The film was shot in black and white, by the late Martin Schafer, formerly assistant to Robby Muller, who had shot most (all?) of Wim Wenders’ films up till then, and it was co-produced by Wenders, with consequent pre-sales to the German TV market. Yes, it’s depressing. It came out in the year that Margaret Thatcher came to power, and its monochrome vision of a pre-mobile, pre-video Britain is unlikely to summon any great nostalgia for the era. It’s difficult to remember what it was like growing up in black and white, or listening to Wreckless Eric, after all. As with Marmite, the world is sharply divided between those who loathe Radio On (the cinema-goer who demanded to know of director Chris Petit why he made “such a boring film”, the NME reviewer who wrote that it was “moving… like, toward the exit”) and those of us (both of us) who love it. Even Chris Petit said “only a man with a sense of humour could have made a film so relentlessly unfunny.”
I beg to differ. For a Bristolian, Radio On is full of wonderful jokes (the football scores which begin with the once-inevitable defeat for Bristol City; the protagonist’s humiliation at the hands – or rather the feet – of a female pool player in legendary Montpelier pub the Old England; Sting’s acting) as well as wonderful visual records of things past: the Temple Meads/Temple Gate flyover, the afore-mentioned Old E pool room.
Some things haven’t changed, of course. The seemingly endless journey that Robert makes down the A4 from London to Bristol still takes half a day if you’re lucky. Friends tell me there’s a new-fangled motorway a few miles to the north that’s much quicker but I’ve yet to try it. True, you never see anyone hitch-hiking these days, and Sting doesn’t appear in any films any more, but there are still lots of German women wandering around Bristol crying out “Wo ist mein Kind?” Or are they from Newport? I’m never quite sure. More importantly, Silbury Hill, which is glimpsed briefly through the fog from Beames’ car, is still there, even if the Temple Gate flyover isn’t.

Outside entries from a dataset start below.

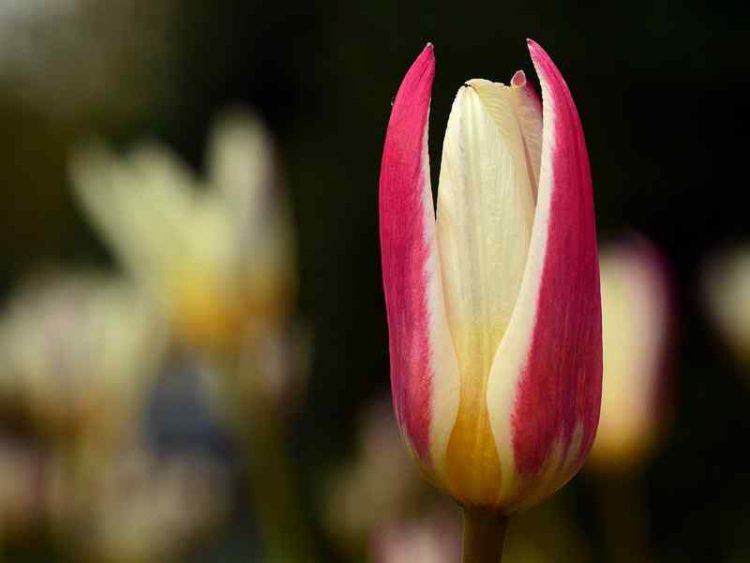 70 mila tulipani olandesi fioriscono a Giardinity primavera: un evento da non perdere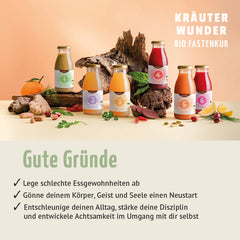 Bio Detoks Kürü 1-7 Gün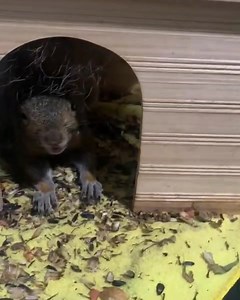 32K views · 2.5K reactions | chipchloesquirrel on Reels | Facebook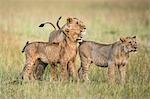 Kenya, Masai Mara, Narok County. A lioness and her two sub-adult cubs on the plains of Masai Mara National Reserve.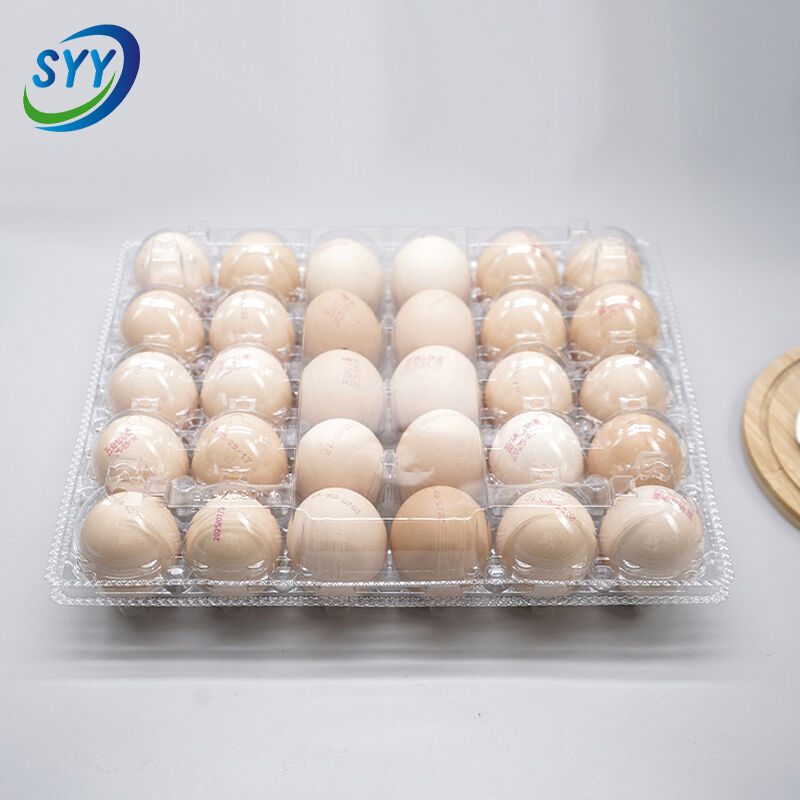 30-Loch Blister Pet transparente geteilte Eierschale für Bauernhof und Supermarkt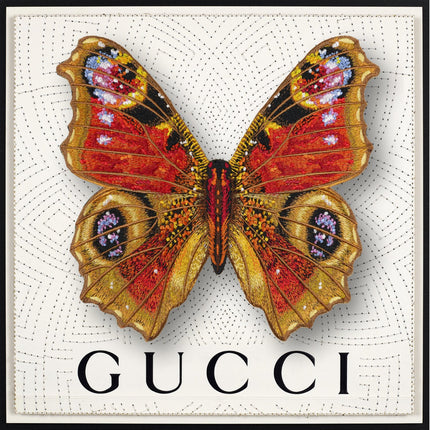 Peacock Butterfly Framed - Stephen Wilson Studio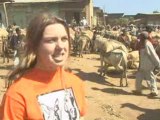 Footage of working donkeys in Ethiopia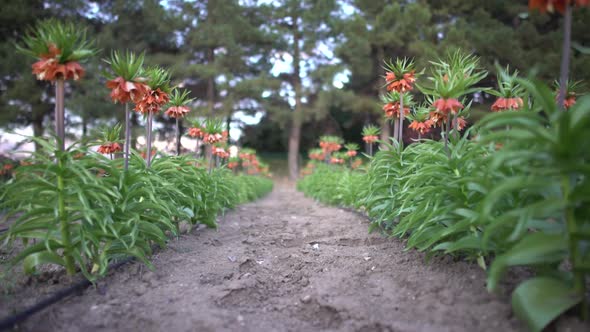 Flower Garden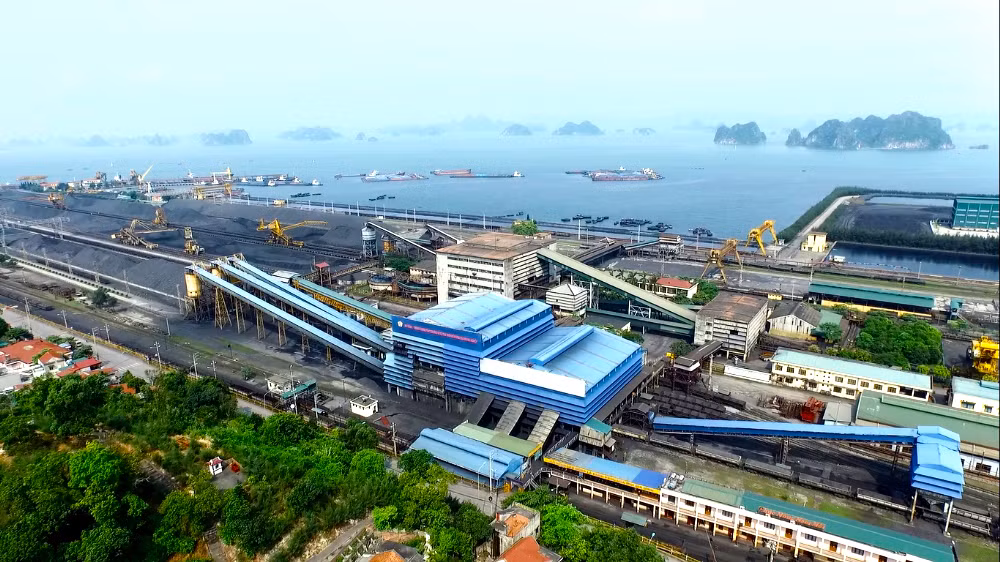 Các khu vực sản xuất, khuôn viên, nhà ăn... của công ty đều được trồng nhiều cây xanh tạo cảnh quan sạch đẹp và cải tạo môi trường.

There is, in a minimalist script where entire hours seem to pass between conversations, some cracking dialogue. “Is there anything to do around here?” the luckless Robert asks a young punk outside the long deceased and unlamented Clifton Down nightspot Platform 1. “What do you want?” the punk replies. “Speed, coke, methedrine, acid?”
Later, when Robert befriends the miserable German woman (is that a tautology?) and they gaze forlornly over the Bristol Channel from Weston, she delivers one of the saddest lines in cinema: “Last night I thought we would sleep together, but we won’t….” Robert, I know how you feel at that point.

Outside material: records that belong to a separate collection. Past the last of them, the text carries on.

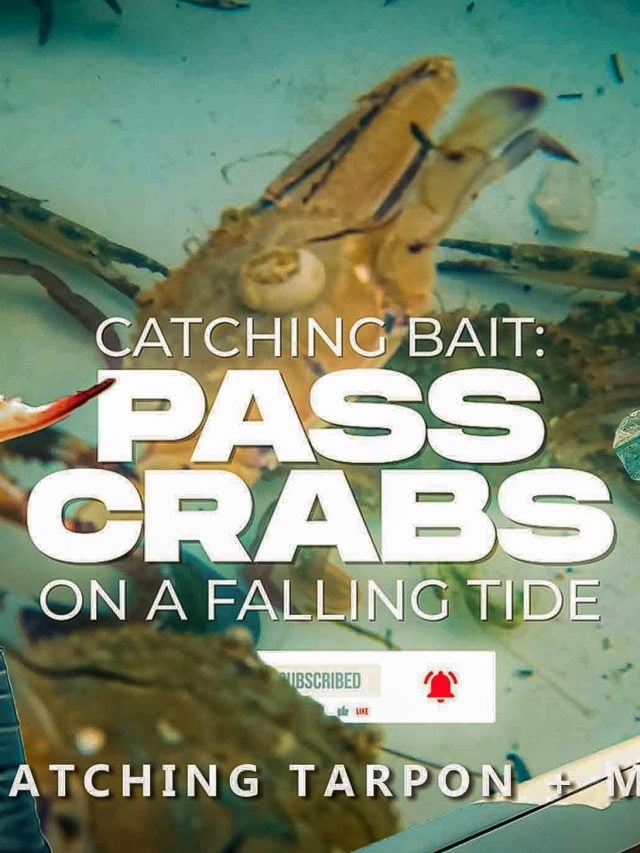 Netting Pass Crabs for Catching Tarpon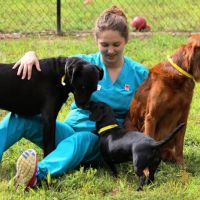 Dogwood Veterinary Hospital and Pet Resort ico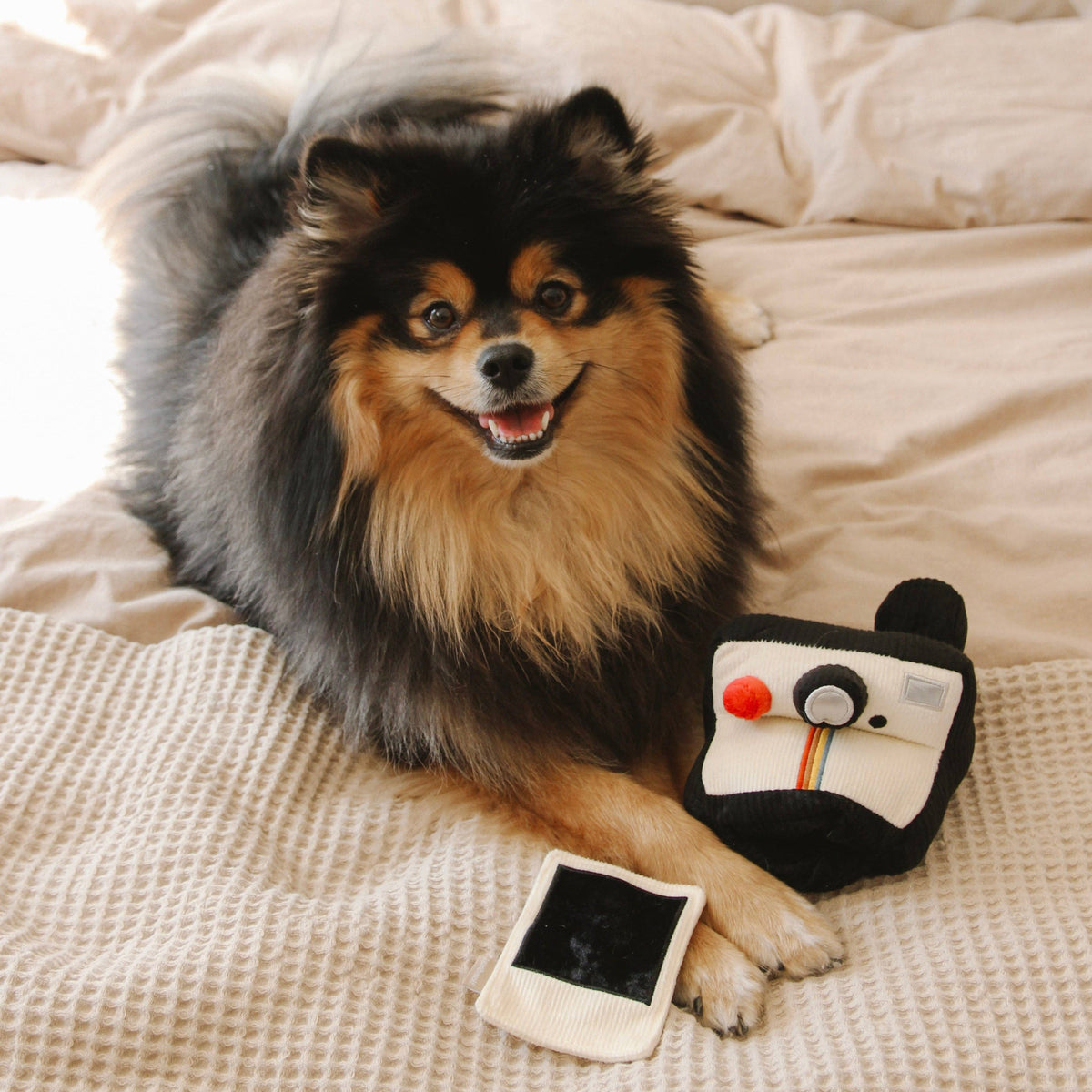 Lambwolf Collective - INSTANT CAMERA // ENRICHMENT DOG TOY // SNUFFLE TOY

Radio On is slow, badly acted – in fact Sting comes across like Daniel Day-Lewis compared to the underwritten Beames character – and so dark it’s hard to tell what’s going on most of the time (“not much” is the answer) but if nothing else, it has half a dozen good laughs – more than the average Ben Stiller or Adam Sandler movie – and a soundtrack to kill for. It starts (brilliantly) with David Bowie’s Heroes accompanying the camera on a handheld tour of the kind of cramped but oh-so-bohemian Clifton flat which people always inhabit in films about Bristol. It continues with more Bowie (Always Crashing in the Same Car) Kraftwerk, Devo, Ian Dury and, best of all, Lene Lovich, whose Lucky Number One is heard through the walls of the Platform 1 nightclub Robert can’t get into.

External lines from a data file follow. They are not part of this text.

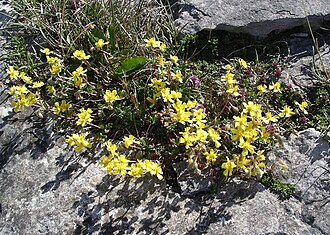 H. oelandicum plant on The Burren, Ireland Hoary Rockrose plant.jpg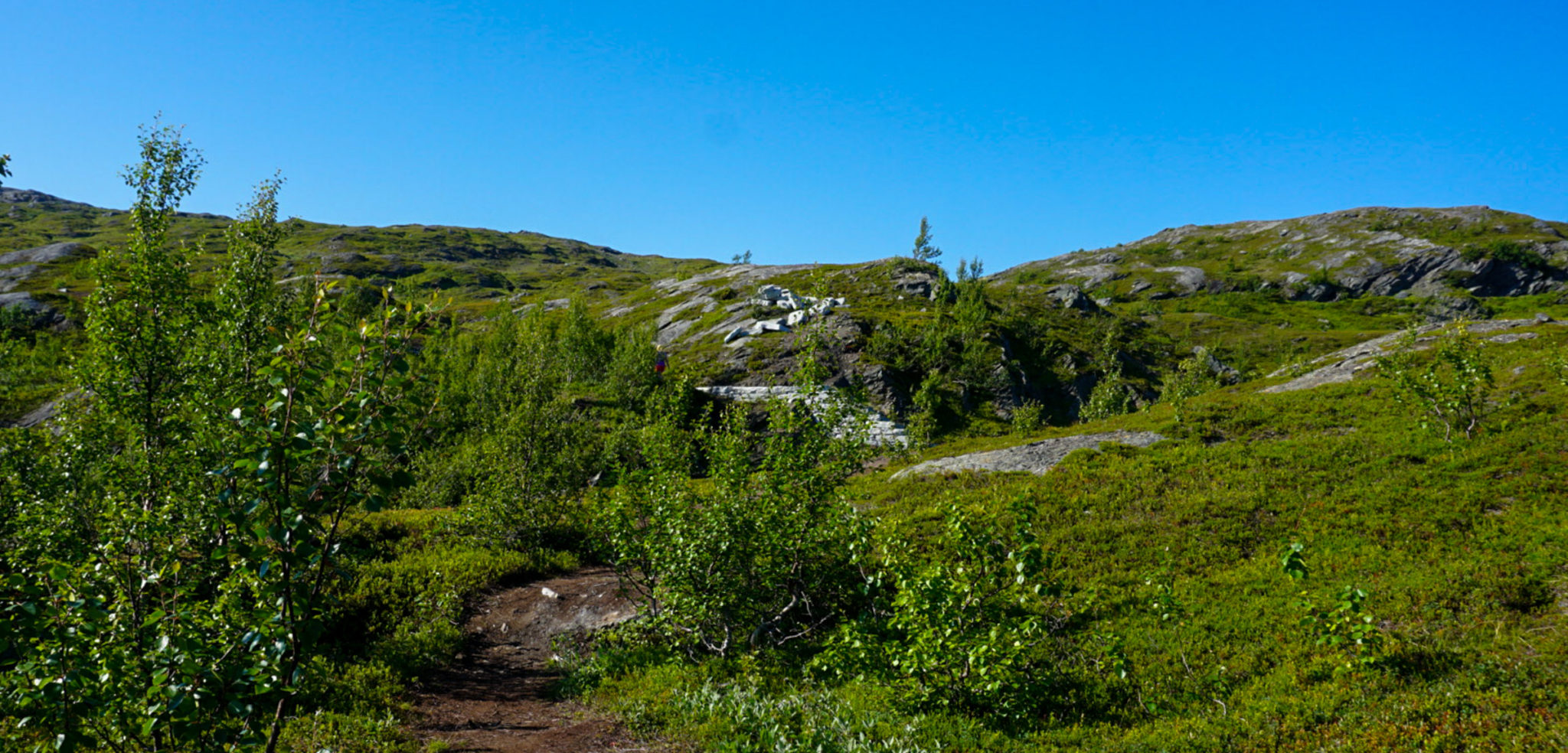 At an altitude of some 450 metres, shrubbery and heather takes over © Knut Hansvold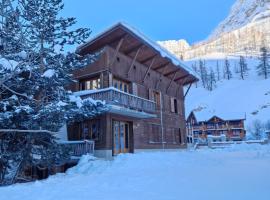 Alpina Lodge Chalet By Valdiski，位于瓦勒迪泽尔的木屋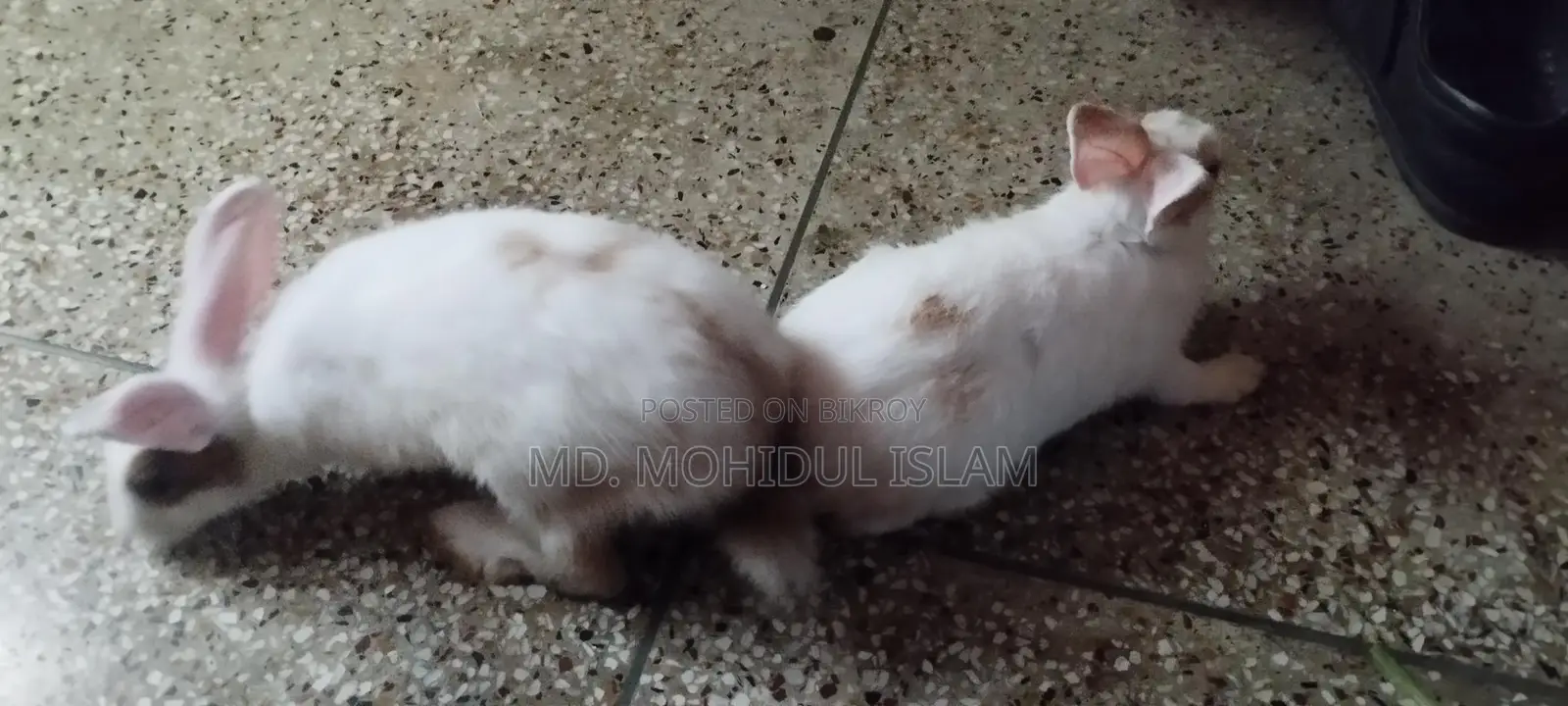 Rabbit for Sale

Calling Radio On the best Bristol film ever may be damning it with faint praise. There isn’t much competition. And it isn’t that good. But there’s something gloriously single-minded and cantankerous about it. I don’t remember the late 70s being boring at all. I’d just discovered Hawkwind, and Sam Peckinpah, and self-abuse of various kinds. That was going to keep boredom at bay for a few years yet. But if you WERE bored with the UK, then a film essentially about boredom had to be boring, I suppose. In which case, Radio On only half-succeeds.